## What to produce:
Give the number of lines in the data that contain the word "from"; no other text is needed.

---

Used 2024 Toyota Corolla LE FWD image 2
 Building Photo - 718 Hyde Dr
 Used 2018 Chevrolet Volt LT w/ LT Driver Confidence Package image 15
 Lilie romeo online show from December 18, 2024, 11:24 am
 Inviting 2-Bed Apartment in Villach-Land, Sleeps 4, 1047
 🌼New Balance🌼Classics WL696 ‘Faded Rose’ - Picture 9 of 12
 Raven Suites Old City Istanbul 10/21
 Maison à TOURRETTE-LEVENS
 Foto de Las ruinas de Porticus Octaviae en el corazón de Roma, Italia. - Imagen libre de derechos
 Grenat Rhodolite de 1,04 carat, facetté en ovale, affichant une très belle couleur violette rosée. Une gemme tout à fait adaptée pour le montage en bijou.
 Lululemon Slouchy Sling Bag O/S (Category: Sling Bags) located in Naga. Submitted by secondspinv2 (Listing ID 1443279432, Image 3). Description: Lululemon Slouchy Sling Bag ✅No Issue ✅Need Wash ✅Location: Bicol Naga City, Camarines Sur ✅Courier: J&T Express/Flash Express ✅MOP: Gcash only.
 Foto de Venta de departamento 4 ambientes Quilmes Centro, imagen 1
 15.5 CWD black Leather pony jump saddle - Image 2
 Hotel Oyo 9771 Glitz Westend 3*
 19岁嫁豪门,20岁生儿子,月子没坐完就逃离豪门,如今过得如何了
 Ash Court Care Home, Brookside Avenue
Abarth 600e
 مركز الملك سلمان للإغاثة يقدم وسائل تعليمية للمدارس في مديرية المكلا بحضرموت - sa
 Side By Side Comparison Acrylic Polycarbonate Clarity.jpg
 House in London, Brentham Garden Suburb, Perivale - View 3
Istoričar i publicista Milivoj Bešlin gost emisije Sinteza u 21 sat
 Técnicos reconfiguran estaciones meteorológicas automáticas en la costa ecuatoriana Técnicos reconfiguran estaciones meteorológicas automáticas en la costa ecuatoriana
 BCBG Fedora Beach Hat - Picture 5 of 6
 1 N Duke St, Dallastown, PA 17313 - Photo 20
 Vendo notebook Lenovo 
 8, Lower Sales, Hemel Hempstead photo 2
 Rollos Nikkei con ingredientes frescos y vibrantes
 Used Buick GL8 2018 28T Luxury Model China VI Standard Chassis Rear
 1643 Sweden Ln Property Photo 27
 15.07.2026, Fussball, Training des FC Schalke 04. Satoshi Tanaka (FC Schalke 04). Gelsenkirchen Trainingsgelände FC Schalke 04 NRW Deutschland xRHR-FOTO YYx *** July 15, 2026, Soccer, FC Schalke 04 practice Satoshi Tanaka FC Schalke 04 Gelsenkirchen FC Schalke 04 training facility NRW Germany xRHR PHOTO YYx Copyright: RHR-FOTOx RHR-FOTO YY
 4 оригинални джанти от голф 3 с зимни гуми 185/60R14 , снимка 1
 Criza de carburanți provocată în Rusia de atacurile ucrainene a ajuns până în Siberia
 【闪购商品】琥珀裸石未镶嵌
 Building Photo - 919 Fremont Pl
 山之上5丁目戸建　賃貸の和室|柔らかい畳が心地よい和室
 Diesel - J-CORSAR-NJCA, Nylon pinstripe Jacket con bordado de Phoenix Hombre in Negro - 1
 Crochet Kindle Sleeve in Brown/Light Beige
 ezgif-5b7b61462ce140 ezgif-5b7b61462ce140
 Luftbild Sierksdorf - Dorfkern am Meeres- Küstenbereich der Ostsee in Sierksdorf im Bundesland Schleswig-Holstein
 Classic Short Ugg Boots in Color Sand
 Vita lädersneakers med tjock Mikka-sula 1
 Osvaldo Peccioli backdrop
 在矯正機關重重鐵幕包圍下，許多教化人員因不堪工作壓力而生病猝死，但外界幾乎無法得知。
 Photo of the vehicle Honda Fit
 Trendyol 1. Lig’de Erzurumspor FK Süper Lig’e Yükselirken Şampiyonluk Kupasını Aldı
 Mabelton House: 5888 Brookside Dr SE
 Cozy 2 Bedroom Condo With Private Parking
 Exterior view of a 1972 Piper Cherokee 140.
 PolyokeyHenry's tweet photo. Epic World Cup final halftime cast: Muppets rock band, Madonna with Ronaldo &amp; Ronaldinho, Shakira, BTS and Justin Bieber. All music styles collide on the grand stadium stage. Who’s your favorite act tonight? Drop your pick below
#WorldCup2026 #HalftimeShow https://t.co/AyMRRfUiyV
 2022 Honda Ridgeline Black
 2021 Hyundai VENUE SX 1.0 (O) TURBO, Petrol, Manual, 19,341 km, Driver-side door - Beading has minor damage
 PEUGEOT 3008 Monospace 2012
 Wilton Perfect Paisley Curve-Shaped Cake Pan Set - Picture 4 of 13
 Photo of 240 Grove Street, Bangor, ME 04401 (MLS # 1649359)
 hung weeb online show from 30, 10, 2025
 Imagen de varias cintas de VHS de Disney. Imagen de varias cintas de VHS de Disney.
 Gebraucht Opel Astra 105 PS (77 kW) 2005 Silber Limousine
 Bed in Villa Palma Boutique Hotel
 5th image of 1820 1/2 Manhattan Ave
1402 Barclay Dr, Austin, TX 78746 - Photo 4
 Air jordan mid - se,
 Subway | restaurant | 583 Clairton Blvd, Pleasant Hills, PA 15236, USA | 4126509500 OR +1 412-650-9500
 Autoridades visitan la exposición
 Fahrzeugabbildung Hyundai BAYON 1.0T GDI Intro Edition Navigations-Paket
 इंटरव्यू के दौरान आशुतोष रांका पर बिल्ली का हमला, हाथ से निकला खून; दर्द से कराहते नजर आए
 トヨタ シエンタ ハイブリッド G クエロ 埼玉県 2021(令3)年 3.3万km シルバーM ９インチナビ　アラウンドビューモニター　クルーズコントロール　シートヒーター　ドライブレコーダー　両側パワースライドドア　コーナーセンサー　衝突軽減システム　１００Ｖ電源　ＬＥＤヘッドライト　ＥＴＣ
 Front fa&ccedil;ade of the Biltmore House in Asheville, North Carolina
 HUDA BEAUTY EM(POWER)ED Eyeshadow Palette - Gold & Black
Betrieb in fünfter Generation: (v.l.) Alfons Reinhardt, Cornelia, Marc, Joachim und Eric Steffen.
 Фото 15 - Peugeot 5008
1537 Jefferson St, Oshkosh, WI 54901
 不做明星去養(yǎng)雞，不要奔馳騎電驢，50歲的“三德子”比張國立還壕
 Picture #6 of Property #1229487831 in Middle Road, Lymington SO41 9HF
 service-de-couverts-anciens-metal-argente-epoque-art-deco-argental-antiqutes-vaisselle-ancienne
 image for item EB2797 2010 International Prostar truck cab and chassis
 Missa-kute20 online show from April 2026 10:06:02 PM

---

## Output of the exercise:
3